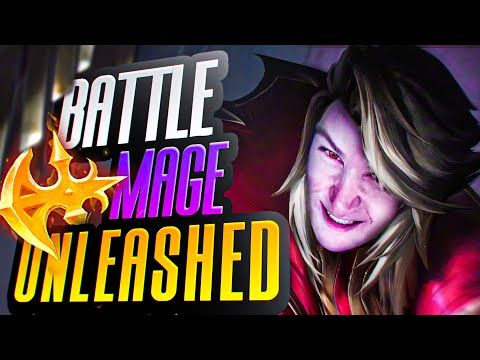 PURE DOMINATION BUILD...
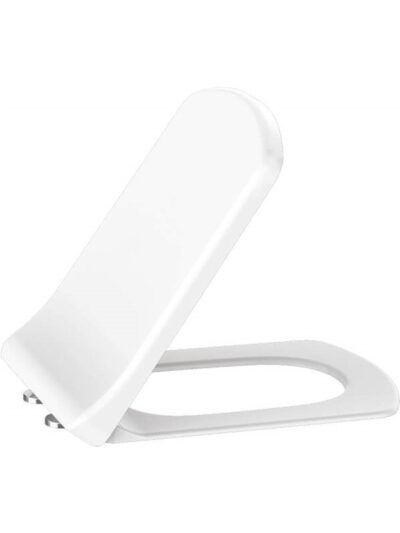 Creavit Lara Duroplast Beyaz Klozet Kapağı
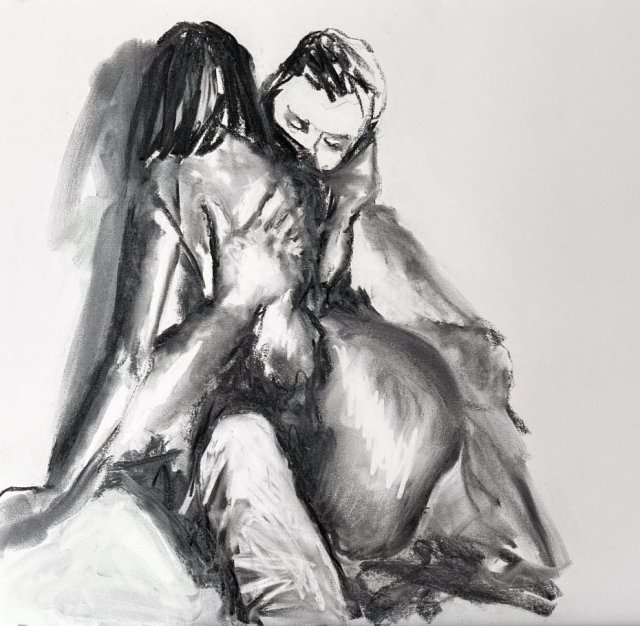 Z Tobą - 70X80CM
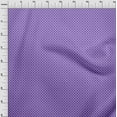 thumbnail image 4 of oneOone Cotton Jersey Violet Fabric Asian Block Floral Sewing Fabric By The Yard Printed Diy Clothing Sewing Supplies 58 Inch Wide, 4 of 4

_ _ _

Work order -
Leave out all pictures, then copy the remaining material exactly.

Response -
 PURE DOMINATION BUILD...
 Creavit Lara Duroplast Beyaz Klozet Kapağı
 Z Tobą - 70X80CM
 thumbnail image 4 of oneOone Cotton Jersey Violet Fabric Asian Block Floral Sewing Fabric By The Yard Printed Diy Clothing Sewing Supplies 58 Inch Wide, 4 of 4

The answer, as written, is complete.